Un testo piacevolissimo quello firmato da Home e Sauvajon. Ricco di ironia. Di capacità fabulatoria di un ménage a quattro che mai sconfina nel melodrammatico di certe vicende reali così tossiche e tristi.  Una commedia che usa tutta la tavolozza della comicità. Dell’arguzia. Della battuta felice.
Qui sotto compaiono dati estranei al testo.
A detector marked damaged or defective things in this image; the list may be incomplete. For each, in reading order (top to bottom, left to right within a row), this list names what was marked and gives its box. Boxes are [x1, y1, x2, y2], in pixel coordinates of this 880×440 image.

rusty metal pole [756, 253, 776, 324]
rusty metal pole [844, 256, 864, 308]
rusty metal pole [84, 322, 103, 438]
Grande interprete di questa figura del marito ‘cornuto’ Emilio Solfrizzi: superlativo nella recitazione. Capace di una mimica straordinaria. Di una capacità interpretativa eccellente. Simpatico appena lancia la prima battuta ad un pubblico che si è divertito immensamente nella strampalata storia di questa coppia, certamente un po’ anomala. Non per un solo attimo ha fatto cadere la tensione sia nei lunghi dialoghi con la moglie fedifraga; sia nell’amoreggiamento con la segretaria, sia ovviamente con l’amante della consorte chiamato in casa, in un tentativo di un'improbabile e sciocca versione della famiglia allargata. Molto bene  Irene Ferri nei panni della moglie. Brillante e melodrammatica nei punti giusti. Laddove la traditrice propone, come al solito nella realtà, un perfetto campionario di bugie, falsità e mezze verità per ingannare sia il coniuge che l’amante. Molto piacevole anche il suo modo di rimanere in scena. Computo e stizzoso, come prevede il testo, Ruben Rigillo nei panni di un amante aristocratico e un po’ allampanato, ma non sciocco visto che poi se ne andrà lui con la procace segretaria. Bene anche Beatrice Schiaffino e con Antonella Piccolo. Ottima la regia di Claudio Greg Gregori così come le scene di Fabiana Di Marco, i costumi di Alessandra Benaduce e il disegno luci di Massimo Gresia.